For each line of the data below that holds "santidade", copy the line.

»»

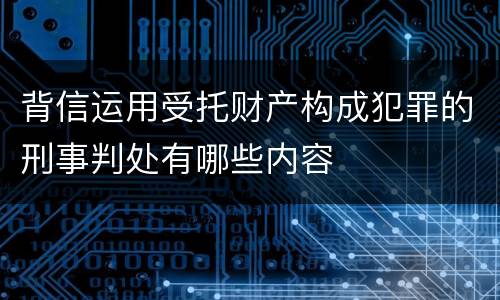 背信运用受托财产构成犯罪的刑事判处有哪些内容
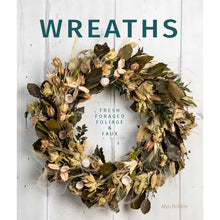Load image into Gallery viewer, Wreaths: Fresh, Foliage, Foraged, and Faux
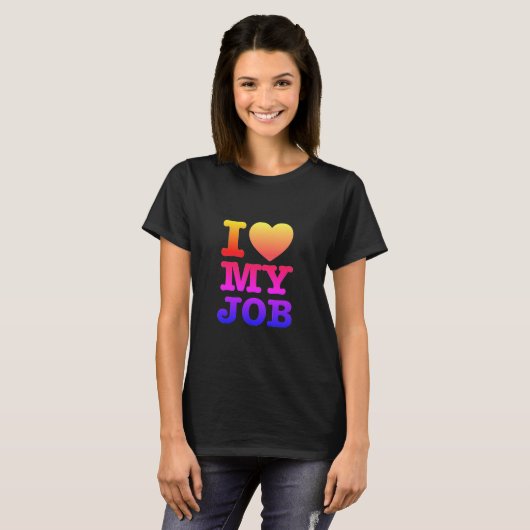 'I love my job' T-shirt (Voorkant volledig)
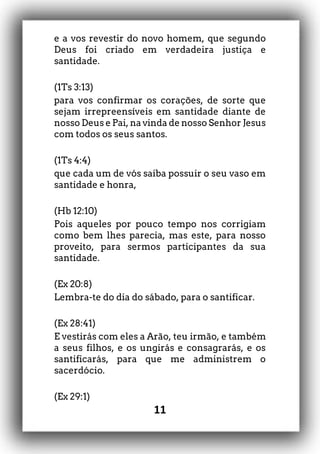 11
e a vos revestir do novo homem, que segundo
Deus foi criado em verdadeira justiça e
santidade.
(1Ts 3:13)
para vos confirmar os corações, de sorte que
sejam irrepreensíveis em santidade diante de
nosso Deus e Pai, na vinda de nosso Senhor Jesus
com todos os seus santos.
(1Ts 4:4)
que cada um de vós saiba possuir o seu vaso em
santidade e honra,
(Hb 12:10)
Pois aqueles por pouco tempo nos corrigiam
como bem lhes parecia, mas este, para nosso
proveito, para sermos participantes da sua
santidade.
(Ex 20:8)
Lembra-te do dia do sábado, para o santificar.
(Ex 28:41)
E vestirás com eles a Arão, teu irmão, e também
a seus filhos, e os ungirás e consagrarás, e os
santificarás, para que me administrem o
sacerdócio.
(Ex 29:1)
 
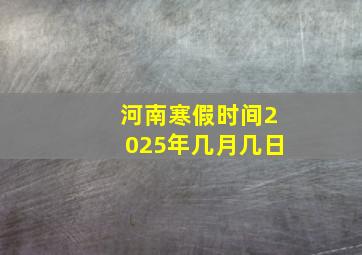 河南寒假时间2025年几月几日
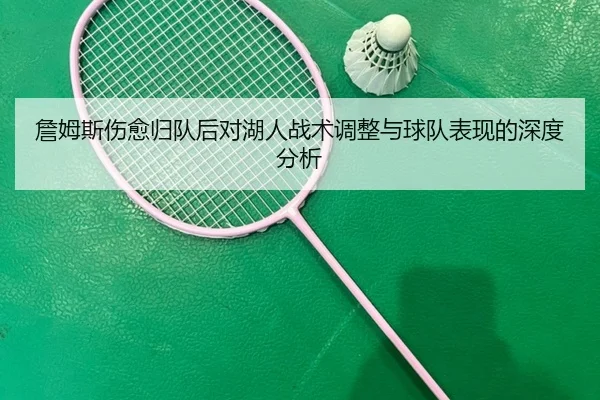 詹姆斯伤愈归队后对湖人战术调整与球队表现的深度分析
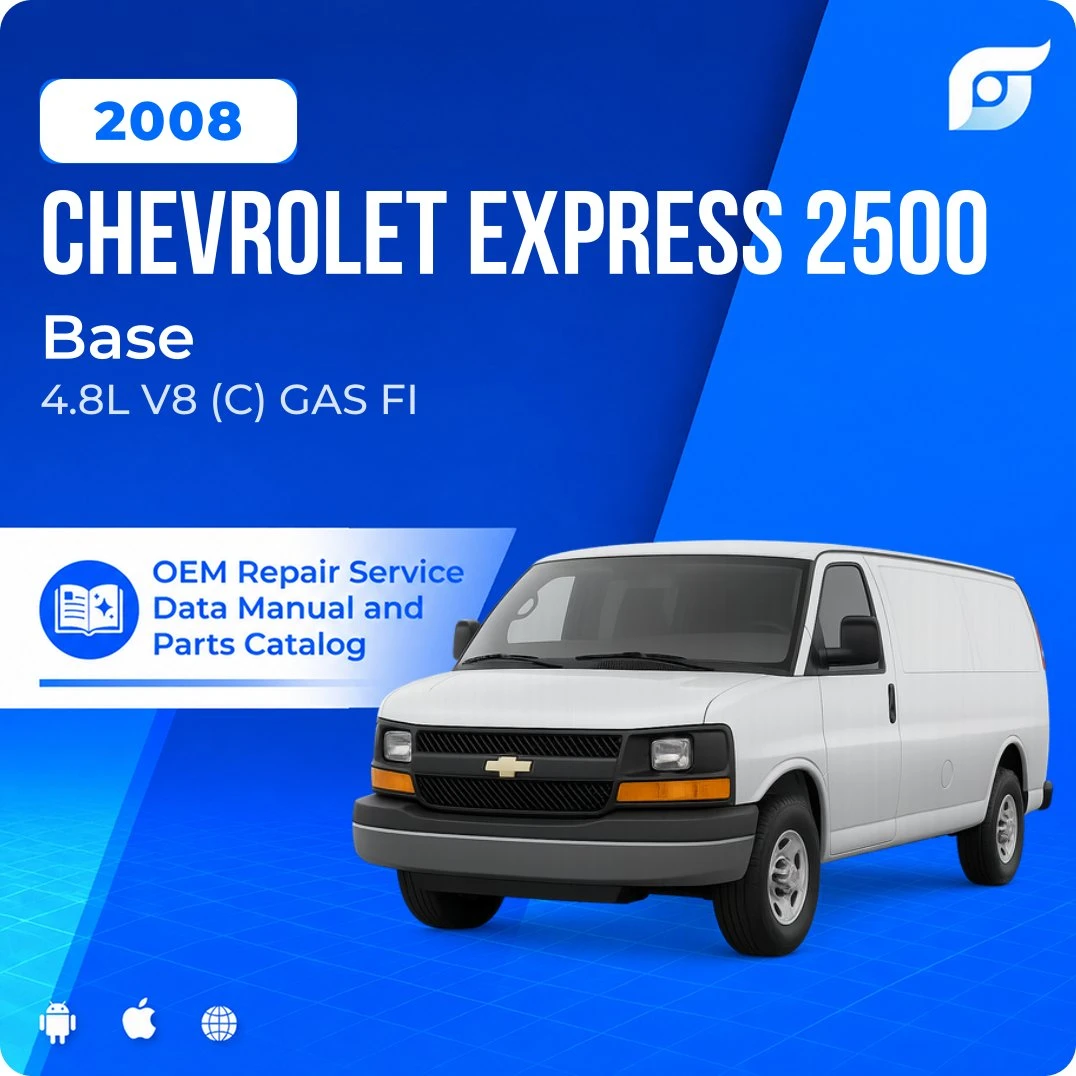 2008 Chevrolet Express 2500 Base - OEM Repair Service Manual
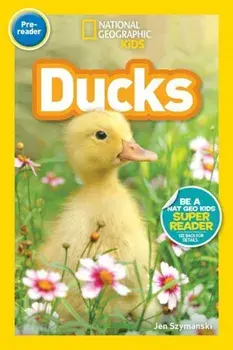 National Geographic Readers: Ducks (Pre-Reader), Paperback/Jennifer Szymanski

««

WRITTEN RESPONSE:
santidade.
sejam irrepreensíveis em santidade diante de
santidade e honra,
santidade.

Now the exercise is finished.